The Fathers of the October synod of 2005 did not, as it were, carry off an October Liturgical Revolution. It may well be too soon, humanly speaking, for the radical response that is required. We may need a hierarchy of bishops permeated with traditional liturgical piety who, at a synod in (say) 2055, by an unforeseen and overwhelming inspiration of the Holy Spirit, arrive together at the realization that it is time to dig up that treasure buried in a field — the full liturgical treasure of the Roman Church — and to unload its riches far and wide. Perhaps someday the cry will go up and resound in the heavens: “Burn the polyester capes and Cranmer tables! Reconsecrate the high altars! Bring back the tabernacle, the relics, the fiddlebacks, the schola cantorum!”

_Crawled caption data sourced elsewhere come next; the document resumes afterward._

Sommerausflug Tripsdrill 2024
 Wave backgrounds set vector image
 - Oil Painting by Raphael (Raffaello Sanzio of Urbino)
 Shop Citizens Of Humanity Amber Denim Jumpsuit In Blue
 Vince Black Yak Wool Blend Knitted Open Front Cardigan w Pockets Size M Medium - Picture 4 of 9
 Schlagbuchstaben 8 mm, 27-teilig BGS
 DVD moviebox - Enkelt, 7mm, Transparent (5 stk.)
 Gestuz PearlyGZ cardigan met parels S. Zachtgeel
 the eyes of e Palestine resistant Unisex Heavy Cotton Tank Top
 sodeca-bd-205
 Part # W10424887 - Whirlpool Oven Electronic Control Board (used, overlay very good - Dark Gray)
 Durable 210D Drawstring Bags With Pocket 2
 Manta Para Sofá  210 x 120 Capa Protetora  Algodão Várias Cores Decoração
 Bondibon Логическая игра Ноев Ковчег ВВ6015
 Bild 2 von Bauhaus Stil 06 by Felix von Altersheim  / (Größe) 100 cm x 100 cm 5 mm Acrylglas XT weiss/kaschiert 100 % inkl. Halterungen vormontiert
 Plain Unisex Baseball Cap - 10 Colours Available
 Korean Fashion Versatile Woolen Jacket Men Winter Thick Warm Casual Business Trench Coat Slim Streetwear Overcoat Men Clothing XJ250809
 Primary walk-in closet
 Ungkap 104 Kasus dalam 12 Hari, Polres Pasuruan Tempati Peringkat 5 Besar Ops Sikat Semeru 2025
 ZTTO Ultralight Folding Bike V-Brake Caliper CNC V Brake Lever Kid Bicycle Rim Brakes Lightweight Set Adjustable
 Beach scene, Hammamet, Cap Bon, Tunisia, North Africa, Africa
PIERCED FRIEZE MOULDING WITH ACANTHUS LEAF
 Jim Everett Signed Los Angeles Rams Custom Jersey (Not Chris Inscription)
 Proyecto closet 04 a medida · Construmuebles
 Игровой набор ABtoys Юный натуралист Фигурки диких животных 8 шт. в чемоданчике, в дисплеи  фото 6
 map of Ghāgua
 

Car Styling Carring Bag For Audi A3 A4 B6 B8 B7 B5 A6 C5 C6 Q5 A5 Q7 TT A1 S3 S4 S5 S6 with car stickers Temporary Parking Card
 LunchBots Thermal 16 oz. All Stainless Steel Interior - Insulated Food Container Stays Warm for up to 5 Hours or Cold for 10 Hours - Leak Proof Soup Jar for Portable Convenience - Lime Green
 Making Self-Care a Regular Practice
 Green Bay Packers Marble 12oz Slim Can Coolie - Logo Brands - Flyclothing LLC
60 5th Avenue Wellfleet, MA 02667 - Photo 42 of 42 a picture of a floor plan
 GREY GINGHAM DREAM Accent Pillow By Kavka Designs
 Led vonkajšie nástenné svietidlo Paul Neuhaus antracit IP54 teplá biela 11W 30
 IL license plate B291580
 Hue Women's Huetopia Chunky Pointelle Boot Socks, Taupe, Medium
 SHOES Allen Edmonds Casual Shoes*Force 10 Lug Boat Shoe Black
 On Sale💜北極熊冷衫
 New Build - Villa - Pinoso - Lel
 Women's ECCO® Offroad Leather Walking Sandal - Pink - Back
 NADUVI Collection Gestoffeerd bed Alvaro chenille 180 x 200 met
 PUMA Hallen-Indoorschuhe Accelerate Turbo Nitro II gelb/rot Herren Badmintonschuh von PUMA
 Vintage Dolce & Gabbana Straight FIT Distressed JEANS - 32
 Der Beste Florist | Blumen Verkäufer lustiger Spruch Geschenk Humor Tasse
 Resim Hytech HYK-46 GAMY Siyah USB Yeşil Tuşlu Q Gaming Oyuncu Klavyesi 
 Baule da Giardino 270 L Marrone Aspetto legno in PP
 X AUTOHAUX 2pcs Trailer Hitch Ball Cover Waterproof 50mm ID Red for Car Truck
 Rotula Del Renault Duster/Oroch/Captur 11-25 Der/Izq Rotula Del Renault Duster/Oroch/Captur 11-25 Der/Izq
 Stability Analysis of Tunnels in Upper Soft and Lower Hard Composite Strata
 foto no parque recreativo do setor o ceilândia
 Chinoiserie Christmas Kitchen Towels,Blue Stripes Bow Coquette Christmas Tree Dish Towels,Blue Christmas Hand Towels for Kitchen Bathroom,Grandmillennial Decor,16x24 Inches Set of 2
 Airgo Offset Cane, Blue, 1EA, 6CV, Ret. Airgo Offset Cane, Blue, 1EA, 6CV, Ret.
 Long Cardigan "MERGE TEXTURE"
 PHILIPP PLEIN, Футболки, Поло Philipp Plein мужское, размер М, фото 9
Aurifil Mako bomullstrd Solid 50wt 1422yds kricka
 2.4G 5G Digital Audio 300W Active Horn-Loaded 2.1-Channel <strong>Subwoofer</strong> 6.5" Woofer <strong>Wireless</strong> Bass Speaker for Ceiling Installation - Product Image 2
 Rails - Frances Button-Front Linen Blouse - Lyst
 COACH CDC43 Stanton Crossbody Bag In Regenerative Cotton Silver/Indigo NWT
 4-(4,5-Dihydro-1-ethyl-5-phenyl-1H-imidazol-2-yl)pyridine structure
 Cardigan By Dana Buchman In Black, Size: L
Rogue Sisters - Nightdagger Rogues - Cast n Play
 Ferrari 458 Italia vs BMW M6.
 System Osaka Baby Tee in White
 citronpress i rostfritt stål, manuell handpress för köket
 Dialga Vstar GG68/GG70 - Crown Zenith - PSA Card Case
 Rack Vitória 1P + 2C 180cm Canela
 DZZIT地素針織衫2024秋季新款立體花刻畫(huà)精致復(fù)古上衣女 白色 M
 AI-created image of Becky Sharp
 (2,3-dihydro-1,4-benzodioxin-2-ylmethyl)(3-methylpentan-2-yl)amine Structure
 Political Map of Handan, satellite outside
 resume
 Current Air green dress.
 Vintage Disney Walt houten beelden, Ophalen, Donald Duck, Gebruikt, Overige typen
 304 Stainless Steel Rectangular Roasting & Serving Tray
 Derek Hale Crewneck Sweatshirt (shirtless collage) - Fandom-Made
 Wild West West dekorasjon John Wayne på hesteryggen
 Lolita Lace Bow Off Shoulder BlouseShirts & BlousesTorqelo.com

There is still and always available to us the freedom to make radical acts of Christian hope, radical acts of daring petition. In these duller times of ours, we are only at the beginning of a long, long journey, and we cannot assume that things will get better and better; that is the obligatory optimism machine, not faith in a divine Providence that embraces both the bitter Passion and the glorious Resurrection. It is up to us to pray and to work — ora et labora — that we ourselves may become the intelligent instruments of that same provident God, who with His Son is ever at work (cf. Jn. 5:17), in open and hidden ways, for the renewal of the One, Holy, Catholic and Apostolic Church.


[i] The important documents surrounding this synod are available at the Vatican website (http://www.vatican.va/roman_curia/synod/index.htm); these include the instrumentum laboris of July 7, 2005 and the Message of the General Assembly at the Conclusion of the Synod, October 22, 2005. Pope Benedict’s homilies and messages in connection with the event are worth reading.

[ii] Why is it that people now do not think themselves sinners? Why does communion seem such a simple, lighthearted affair, like taking a potato chip? Could communion standing and in the hand, disbursed by ever-multiplying lay “ministers of communion,” or the giggling girls at the altar, have anything to do with this?